• _EXERCISE GOAL_
Write out, with no changes, every line starting at the one that contains "SA vs Ban : रूसो" and ending at the last line of the data below. Leave pictures out.

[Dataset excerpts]
□ □ □ □

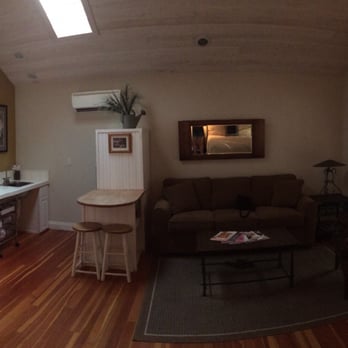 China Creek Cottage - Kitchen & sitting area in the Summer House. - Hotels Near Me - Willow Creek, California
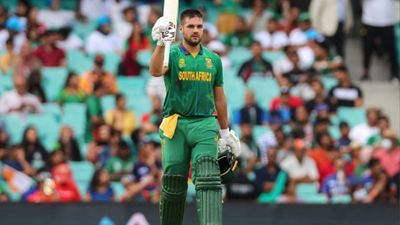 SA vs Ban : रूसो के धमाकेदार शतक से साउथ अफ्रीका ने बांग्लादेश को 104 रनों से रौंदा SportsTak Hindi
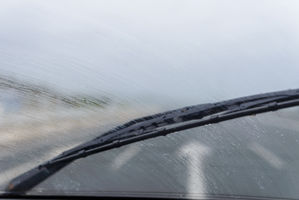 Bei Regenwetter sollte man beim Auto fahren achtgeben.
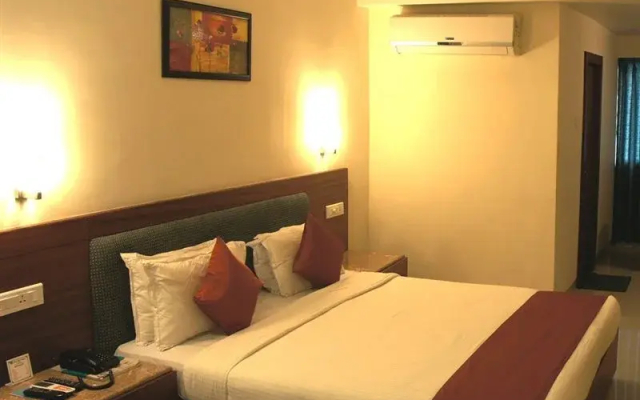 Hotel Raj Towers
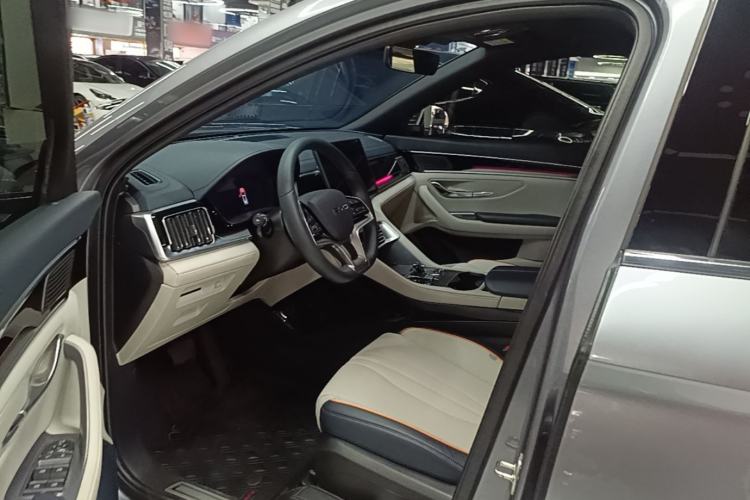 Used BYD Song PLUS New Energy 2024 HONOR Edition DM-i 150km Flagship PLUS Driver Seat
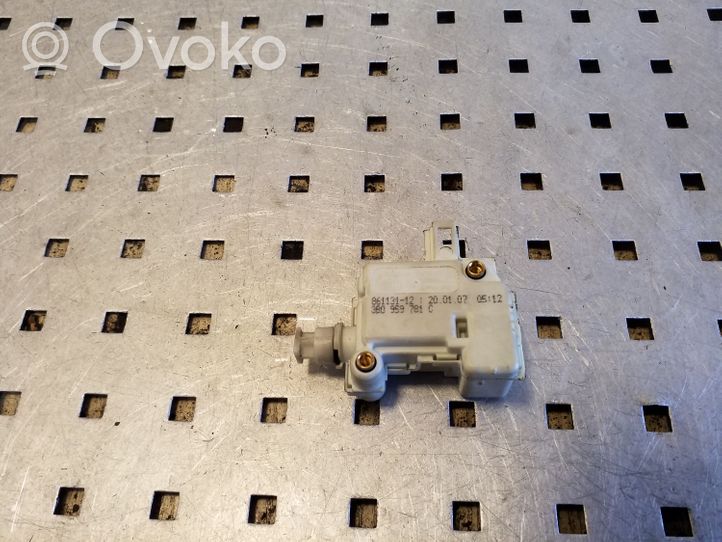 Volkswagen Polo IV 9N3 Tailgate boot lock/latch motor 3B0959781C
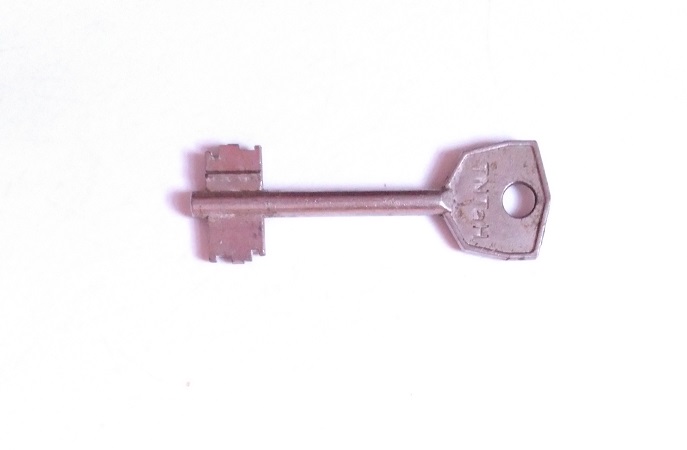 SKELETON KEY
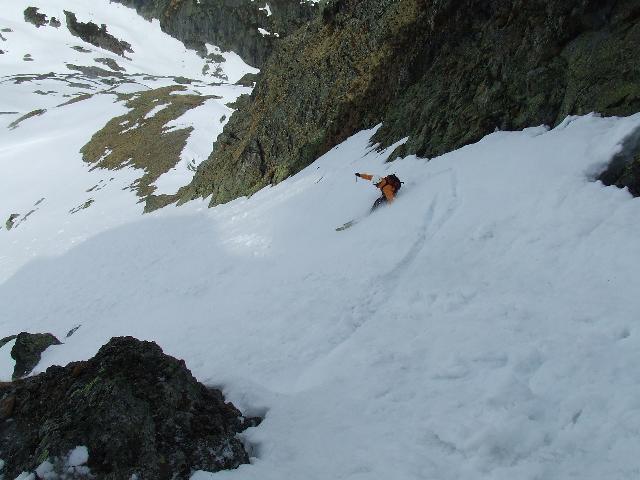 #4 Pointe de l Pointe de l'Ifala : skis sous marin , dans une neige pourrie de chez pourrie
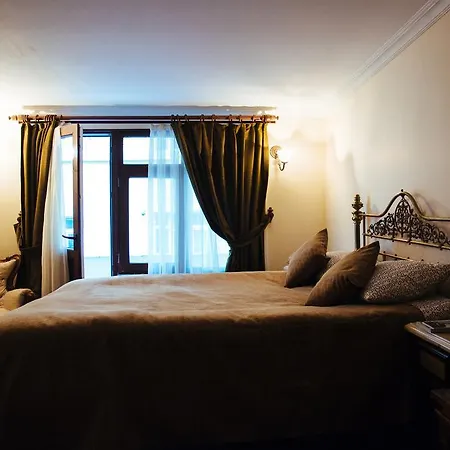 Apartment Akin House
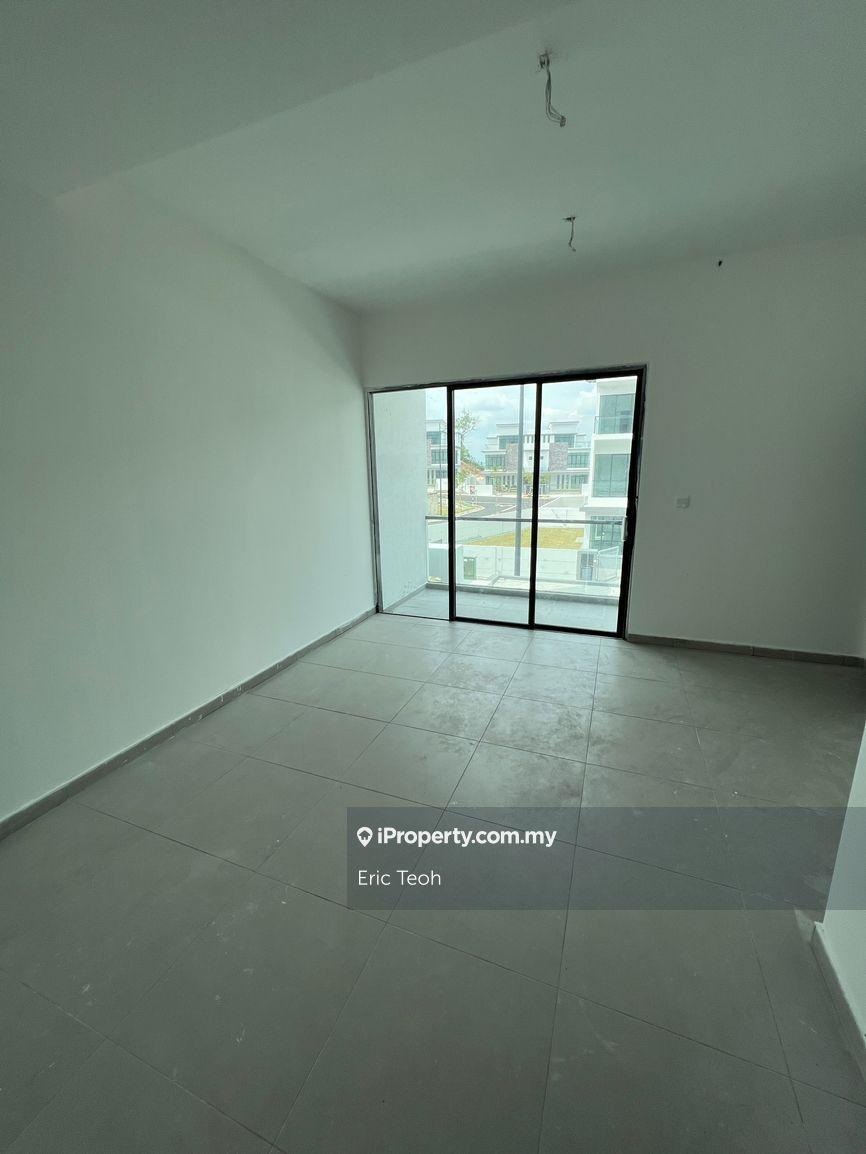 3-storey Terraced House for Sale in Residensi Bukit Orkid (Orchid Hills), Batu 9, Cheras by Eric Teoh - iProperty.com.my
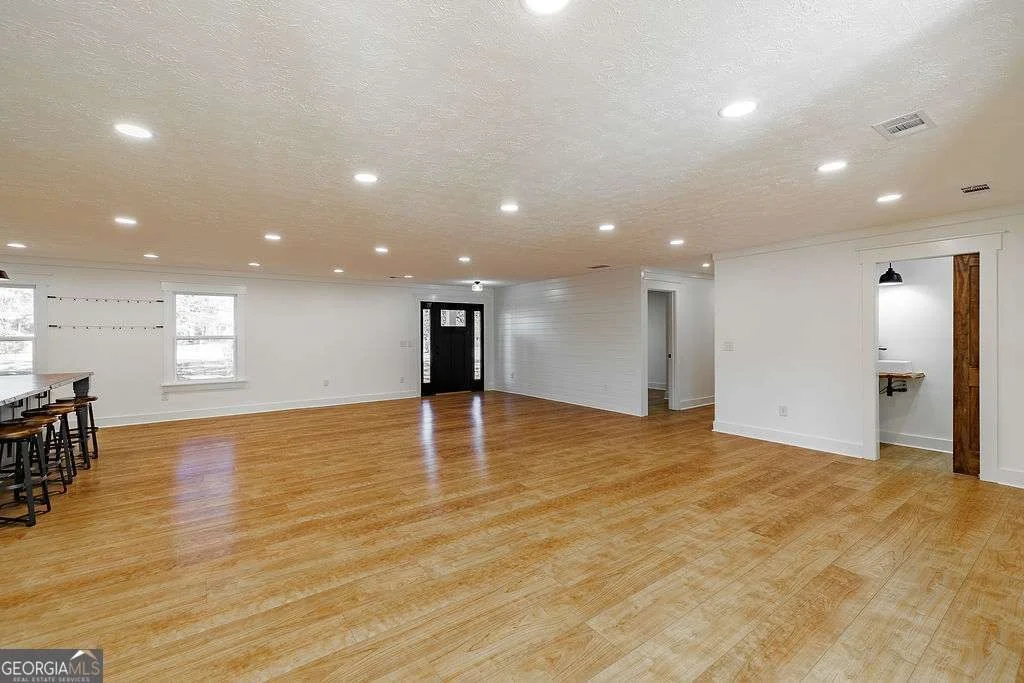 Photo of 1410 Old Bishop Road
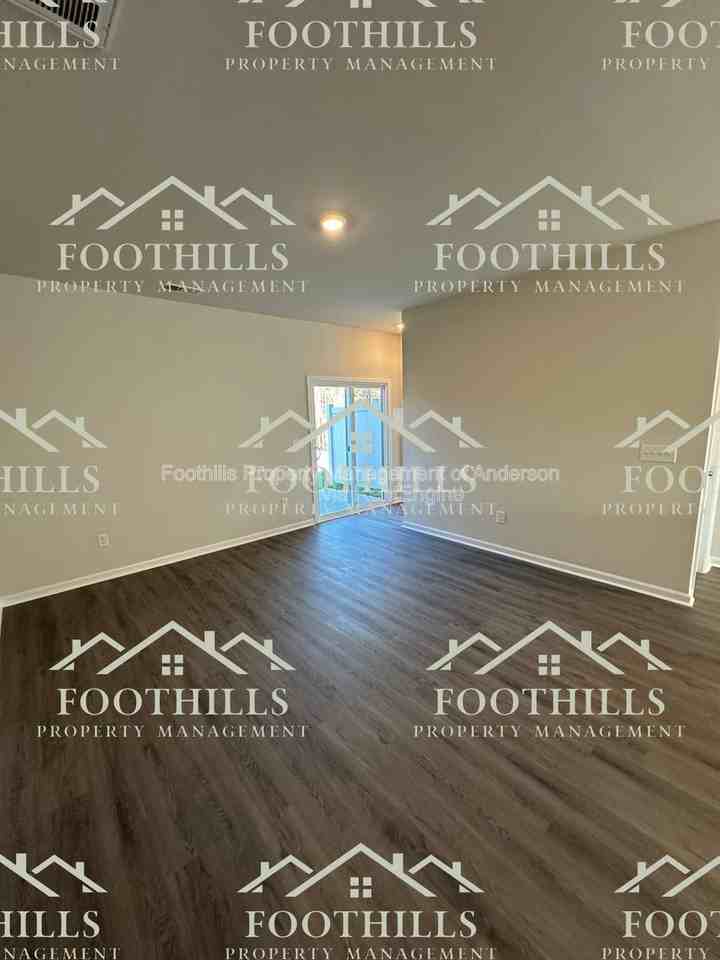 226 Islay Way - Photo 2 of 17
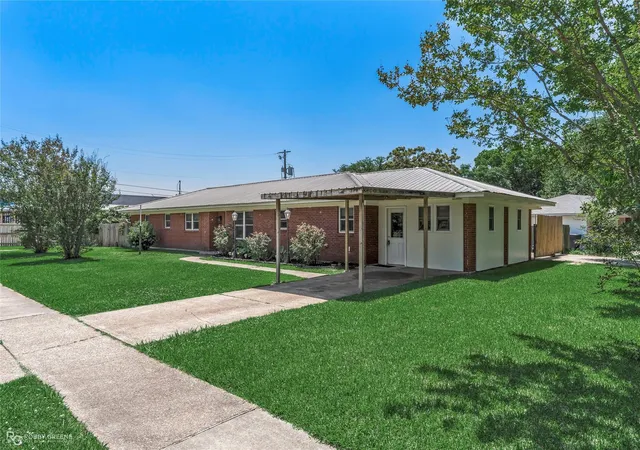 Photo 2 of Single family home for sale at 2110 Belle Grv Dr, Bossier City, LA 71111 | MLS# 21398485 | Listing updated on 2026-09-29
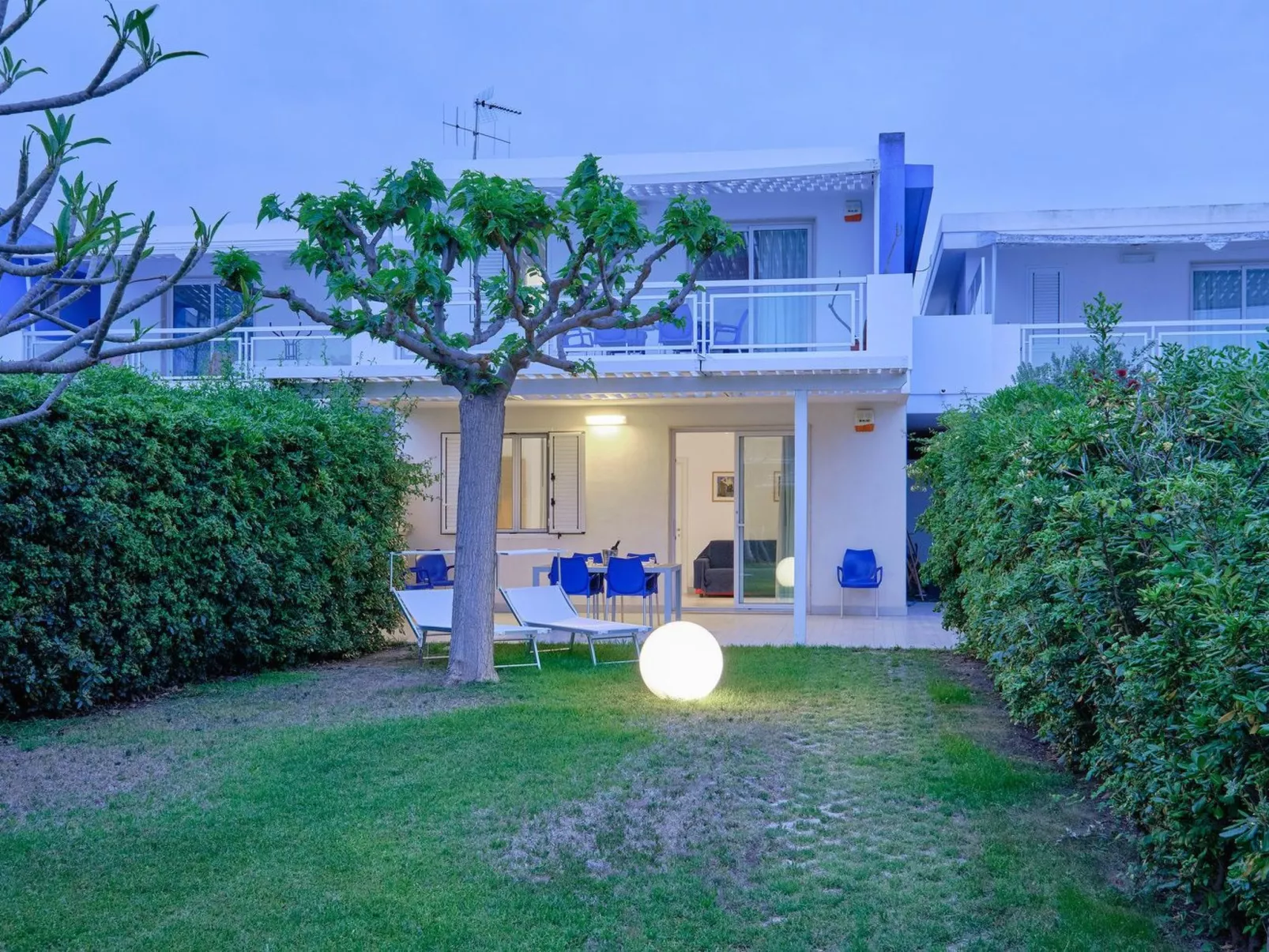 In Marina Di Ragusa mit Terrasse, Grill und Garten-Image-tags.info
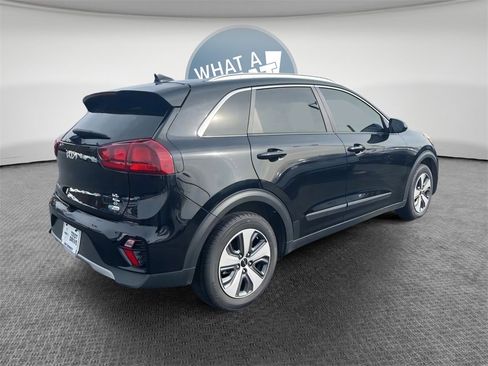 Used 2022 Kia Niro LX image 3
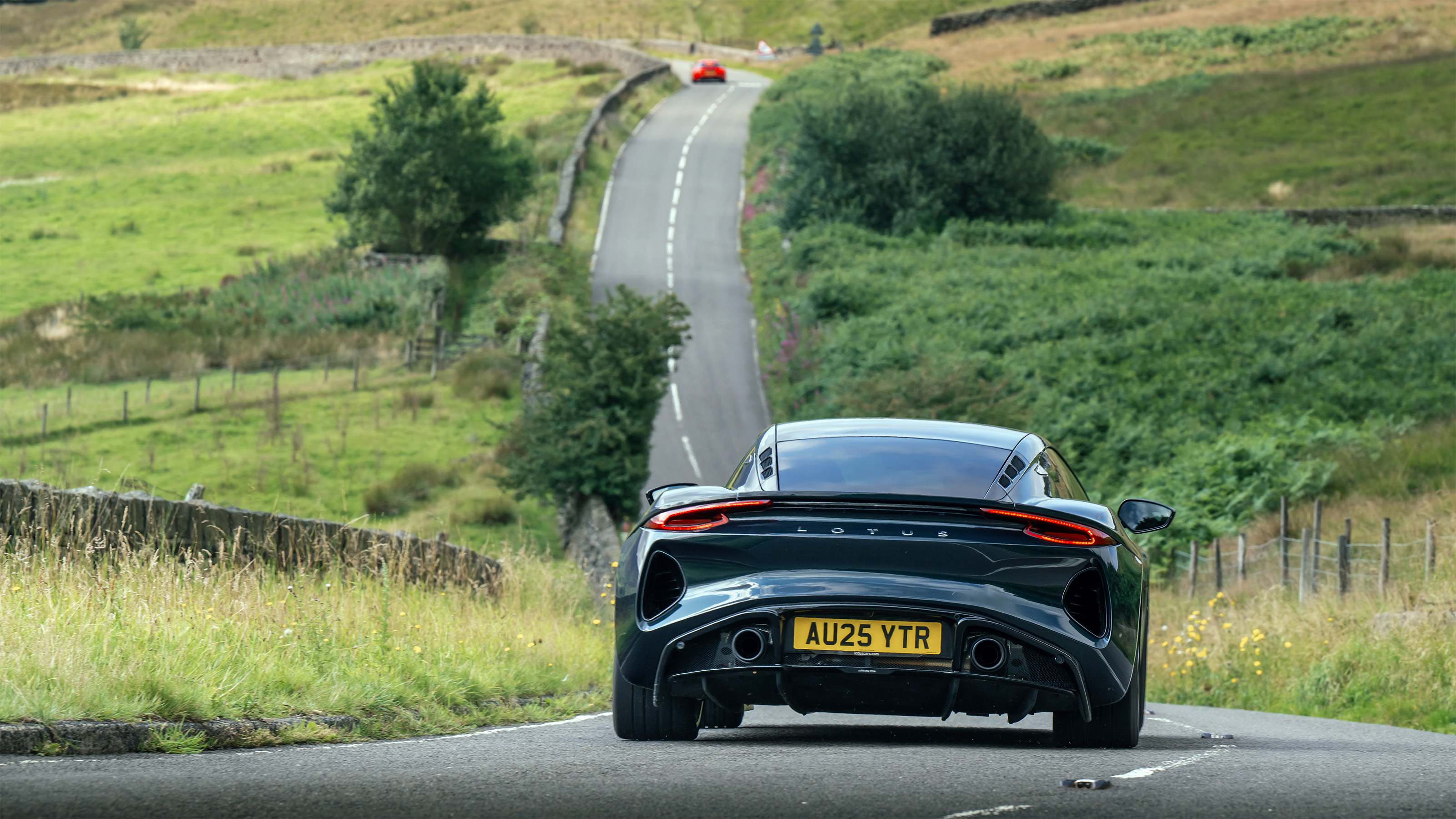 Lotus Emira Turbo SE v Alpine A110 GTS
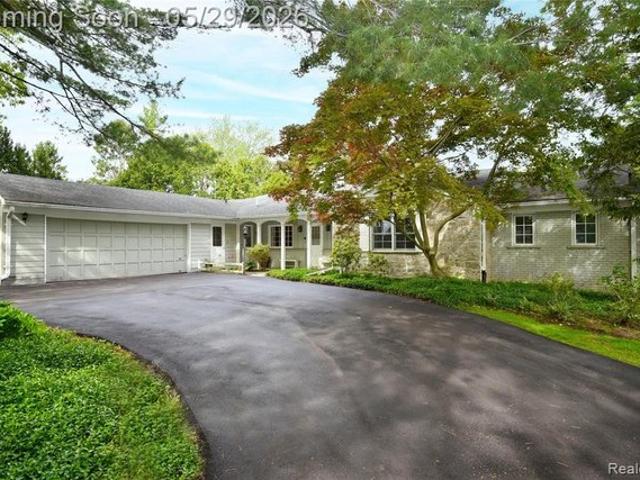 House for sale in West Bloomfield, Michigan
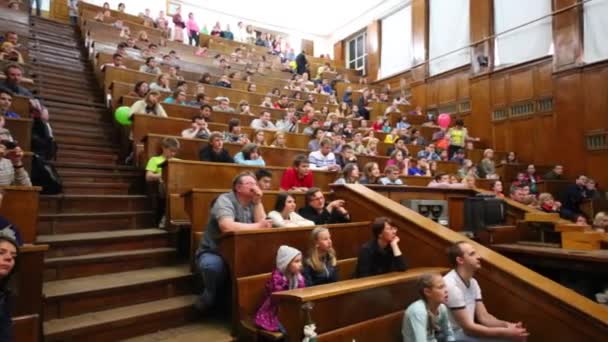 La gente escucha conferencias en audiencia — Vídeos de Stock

□ □ □ □

• _ANSWER BOX_
 SA vs Ban : रूसो के धमाकेदार शतक से साउथ अफ्रीका ने बांग्लादेश को 104 रनों से रौंदा SportsTak Hindi
 Bei Regenwetter sollte man beim Auto fahren achtgeben.
 Hotel Raj Towers
 Used BYD Song PLUS New Energy 2024 HONOR Edition DM-i 150km Flagship PLUS Driver Seat
 Volkswagen Polo IV 9N3 Tailgate boot lock/latch motor 3B0959781C
 SKELETON KEY
 #4 Pointe de l Pointe de l'Ifala : skis sous marin , dans une neige pourrie de chez pourrie
 Apartment Akin House
 3-storey Terraced House for Sale in Residensi Bukit Orkid (Orchid Hills), Batu 9, Cheras by Eric Teoh - iProperty.com.my
 Photo of 1410 Old Bishop Road
 226 Islay Way - Photo 2 of 17
 Photo 2 of Single family home for sale at 2110 Belle Grv Dr, Bossier City, LA 71111 | MLS# 21398485 | Listing updated on 2026-09-29
 In Marina Di Ragusa mit Terrasse, Grill und Garten-Image-tags.info
 Used 2022 Kia Niro LX image 3
 Lotus Emira Turbo SE v Alpine A110 GTS
 House for sale in West Bloomfield, Michigan
 La gente escucha conferencias en audiencia — Vídeos de Stock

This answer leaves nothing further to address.